An illustration of this is the way in which Ni Una Menos has shown solidarity with the Mapuche struggle against land dispossession. Indeed, the resurgence of the “mapuche conflict” in Argentina in recent years was ignited by the purchase of sizable parcels of land by private corporations in Patagonia: in the face of indigenous protests, the government has approached the question as a security issue, using harsh repression on protesters. The collective has spoken up “against the new colonisations of territories by multinational corporations that strip away our common goods through government-sponsored extractivism, treating life as a commodity and degrading the Mother Earth”5.

The collective creates links between the feminist fight, the struggle against land dispossession and the protection of nature. This is particularly evident in their claim that they are fighting “against multiple dispossessions: because neither the earth nor our bodies are territories of conquest”. With this, Ni Una Menos circulates a narrative that builds interconnections between the exploitation of feminised bodies and the exploitation of nature at the hands of hegemonic capitalist and patriarchal systems of power, which devalue them and construct them as disposable. In paying attention to structures of economic and class-based oppression, Ni Una Menos resists the construct of the “neoliberal feminist subject”, who is understood to be responsible for her own freedom, adopting instead a collectivist basis for resistance which considers that no such freedom and justice can be achieved without radical social, political and economic change.

With this, Ni Una Menos is a collective that does not sit neatly in categories of “socialist”, “radical”, or “eco-” feminism: it takes on multiple feminist legacies to produce a collective that addresses and resists a variety of social realities, relating them to the oppression of women and gender non-conforming groups. While it could be labeled as a transfeminist, anti-capitalist collective, this still seems to oversimplify the range of its interventions. The collective has begun a process of linking struggles across various sites of subalternity, creating solidarity across difference, putting collective experiences above individualistic claims. It has seized the opportunity to construct counter-hegemonic knowledge based on the daily lives and experiences of marginalised groups. In resisting the discourses that maintain social inequalities and existing power imbalances, Ni Una Menos opens a door for change.

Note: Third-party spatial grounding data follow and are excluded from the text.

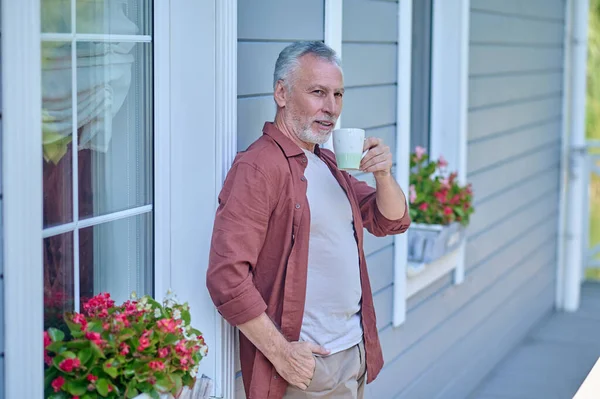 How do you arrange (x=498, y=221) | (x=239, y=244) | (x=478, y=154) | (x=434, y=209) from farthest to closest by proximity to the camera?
(x=498, y=221), (x=478, y=154), (x=434, y=209), (x=239, y=244)

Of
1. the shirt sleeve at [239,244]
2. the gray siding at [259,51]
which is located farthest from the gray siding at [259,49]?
the shirt sleeve at [239,244]

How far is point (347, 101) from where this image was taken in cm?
327

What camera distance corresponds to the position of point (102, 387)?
1882 millimetres

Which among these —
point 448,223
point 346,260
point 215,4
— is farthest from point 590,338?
point 215,4

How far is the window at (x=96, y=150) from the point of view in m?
1.96

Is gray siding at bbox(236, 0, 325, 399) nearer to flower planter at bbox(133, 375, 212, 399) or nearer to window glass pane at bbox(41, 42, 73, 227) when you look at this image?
flower planter at bbox(133, 375, 212, 399)

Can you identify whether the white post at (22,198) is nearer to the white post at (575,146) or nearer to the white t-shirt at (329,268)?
the white t-shirt at (329,268)

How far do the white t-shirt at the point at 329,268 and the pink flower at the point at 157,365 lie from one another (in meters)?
0.47

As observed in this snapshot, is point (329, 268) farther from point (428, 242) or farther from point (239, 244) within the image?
point (428, 242)

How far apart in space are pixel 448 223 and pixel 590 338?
234 cm

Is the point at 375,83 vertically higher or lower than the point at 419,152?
higher

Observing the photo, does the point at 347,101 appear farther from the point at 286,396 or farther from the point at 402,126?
A: the point at 286,396

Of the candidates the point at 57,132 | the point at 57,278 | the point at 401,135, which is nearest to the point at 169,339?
the point at 57,278

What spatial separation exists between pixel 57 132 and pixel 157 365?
1.77ft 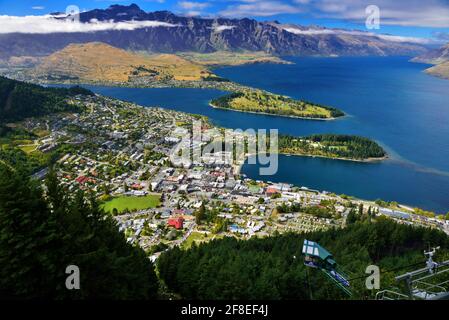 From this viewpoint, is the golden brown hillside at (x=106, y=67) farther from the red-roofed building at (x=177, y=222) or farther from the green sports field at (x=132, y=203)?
the red-roofed building at (x=177, y=222)

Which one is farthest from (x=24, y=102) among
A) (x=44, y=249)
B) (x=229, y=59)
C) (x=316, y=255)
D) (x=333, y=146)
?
(x=229, y=59)

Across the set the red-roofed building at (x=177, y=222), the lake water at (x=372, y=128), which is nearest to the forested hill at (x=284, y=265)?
the red-roofed building at (x=177, y=222)

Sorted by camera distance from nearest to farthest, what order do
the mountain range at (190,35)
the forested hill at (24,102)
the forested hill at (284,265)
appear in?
the forested hill at (284,265) < the forested hill at (24,102) < the mountain range at (190,35)

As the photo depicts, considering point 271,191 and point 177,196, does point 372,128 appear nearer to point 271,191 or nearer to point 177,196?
point 271,191

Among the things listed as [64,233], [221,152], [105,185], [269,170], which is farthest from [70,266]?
[221,152]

Aude Langlois has an MSc in Gender, Development and Globalisation from the LSE, and she is currently working as the Programme Communications and Marketing Officer of the UK-based charity Teach a Man to Fish. In her spare time, she is a volunteer journalist for the International Women’s Initiative online magazine, The Lead.

 

 

Notes

  1. Note that all quotes and self-descriptions from Ni Una Menos come from this book – translations by me.
  2. Here, “transversal” is taken from the collective’s own language to reflect a form of feminism that addresses a wide range of issues in an effort to represent the heterogeneity of society. While in the UK one might use “intersectional” to illustrate this, I believed that it was important to keep their terminology intact.
  3. Their most recent documents are all available online, as well.
  4. To read more on the specific violence faced by travestis and trans women in Argentina, read Radi, B. and Sardá-Chandiramani, A. (2016). Travesticidio / transfemicidio: Coordenadas para pensar los crímenes de travestis y mujeres trans en Argentina. In: Acta Academica, pp. 1-6.
  5. For more on this, read Burchardt, H-J. & Dietz, K. (2014) (Neo-)extractivism – a new challenge for development theory from Latin America. In: Third World Quarterly, 35:3, pp. 468-486.